Answer
$y^{''}=\large\frac{\cos^2 y\;\cos x+\sin^2 x\;\sin y}{\cos^3 y}$
Work Step by Step
$\sin y+\cos x=1$ ____(1)
Differentiating (1) implicitly with respect to $x$
$\cos y\; \cdot y^{'}-\sin x=0$
Solving for $y^{'}$
$y^{'}=\large\frac{\sin x}{\cos y}$ ____(2)
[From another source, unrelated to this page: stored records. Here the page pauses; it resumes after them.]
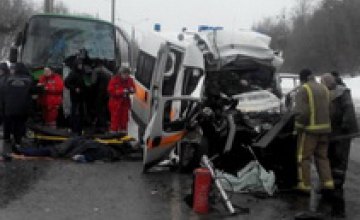 В Харькове «скорая» влобовую столкнулась с автобусом: два человека погибли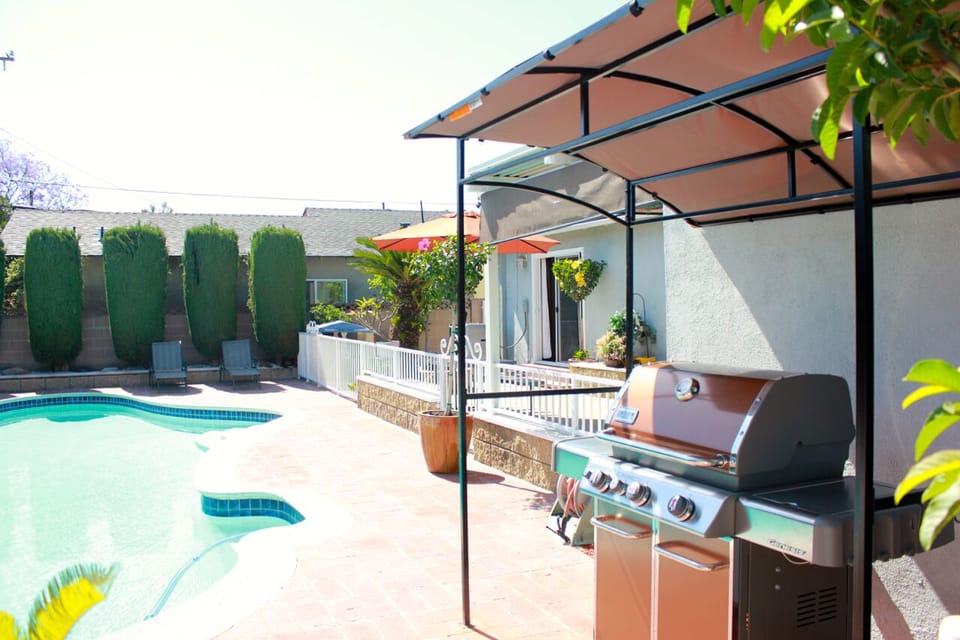 Beautiful and relaxing backyard for the whole family to hang out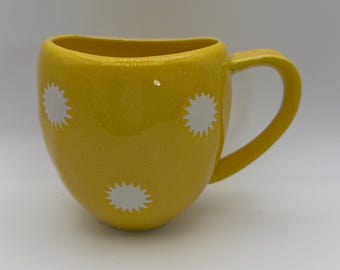 ANTHROPOLOGIE Vida Icon Yellow Motif Mug 14 oz. - Preowned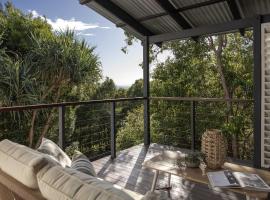 쿨럼에 위치한 호텔 Coastal Canopy - your doorstep to Mount Coolum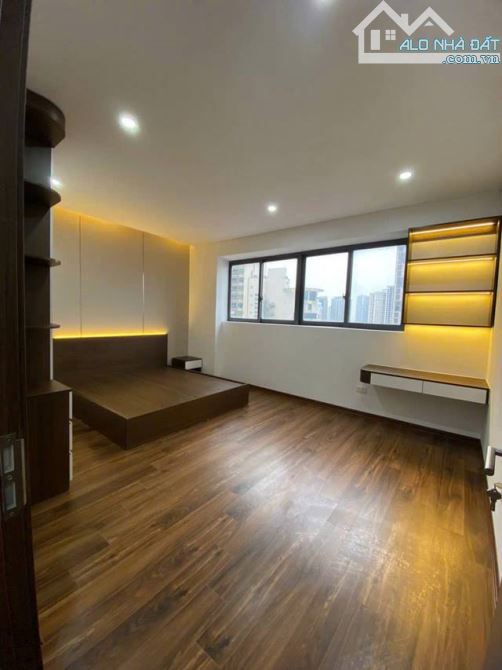 Bán căn hộ 3 ngủ, 2wc, tầng thấp phố Hoàng Quốc Việt, Quận Bắc Từ Liêm diện tích 97m2 - 2
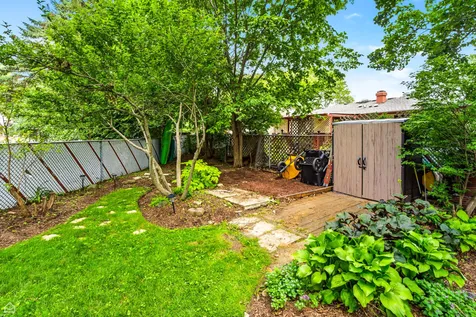 1978 North Fork Circle Elgin IL 60123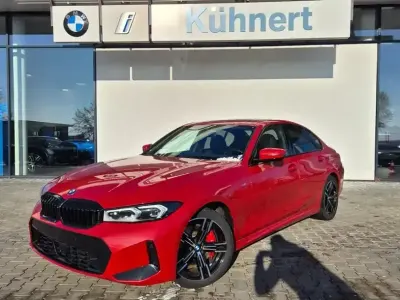 Gebraucht BMW 330 Comfort Edition 245 PS (180 kW) 2024 Rot Limousine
Differentiating (2) implicitly with respect to $x$
$y^{''}=\large\frac{d}{dx}\left(\frac{\sin x}{\cos y}\right)$
$y^{''}=\large\frac{\cos y\;(\sin x)^{'}-\sin x\;(\cos y)^{'}}{\cos^2 y}$
$y^{''}=\large\frac{\cos y\;\cos x+\sin x\;\sin y\; \frac{dy}{dx}}{\cos^2 y}$
From (2)
$y^{''}=\large\frac{\cos y\;\cos x+\sin x\;\sin y\; \left(\large\frac{\sin x}{\cos y}\right)}{\cos^2 y}$
$y^{''}=\large\frac{\cos^2 y\;\cos x+\sin^2 x\;\sin y}{\cos^3 y}$
Hence $y^{''}=\large\frac{\cos^2 y\;\cos x+\sin^2 x\;\sin y}{\cos^3 y}$.